--- START ---

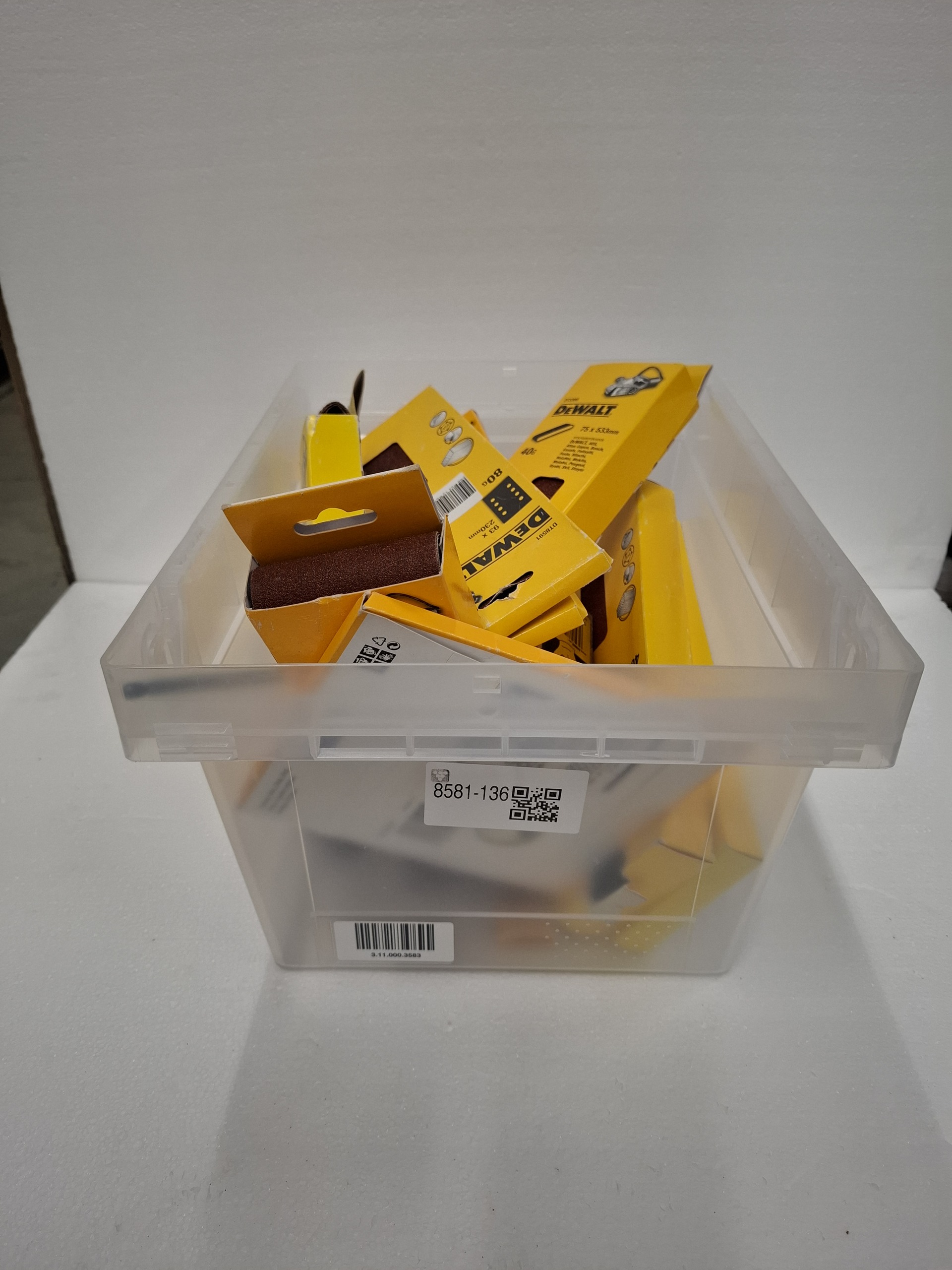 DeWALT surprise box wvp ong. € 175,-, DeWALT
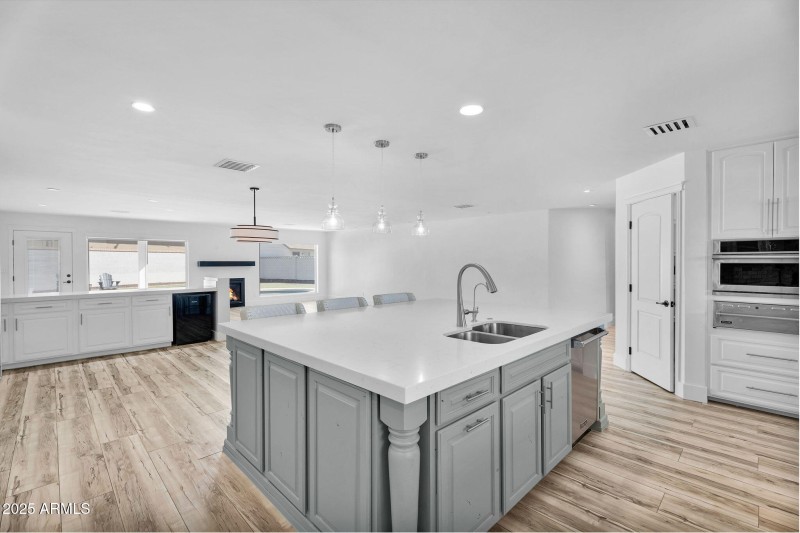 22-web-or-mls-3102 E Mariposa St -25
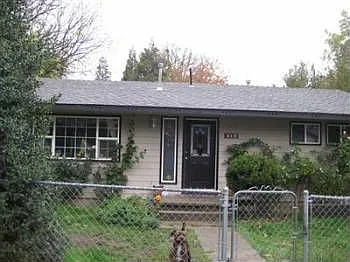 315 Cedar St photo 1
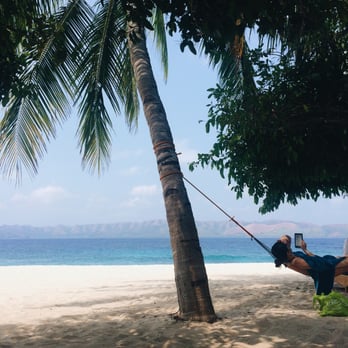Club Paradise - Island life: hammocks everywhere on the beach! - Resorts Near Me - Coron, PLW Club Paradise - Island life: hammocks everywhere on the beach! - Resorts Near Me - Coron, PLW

--- END ---

How to complete this task » With the pictures excluded, restate the material exactly as it stands.

Solution to the problem »
 DeWALT surprise box wvp ong. € 175,-, DeWALT
 22-web-or-mls-3102 E Mariposa St -25
 315 Cedar St photo 1
Club Paradise - Island life: hammocks everywhere on the beach! - Resorts Near Me - Coron, PLW Club Paradise - Island life: hammocks everywhere on the beach! - Resorts Near Me - Coron, PLW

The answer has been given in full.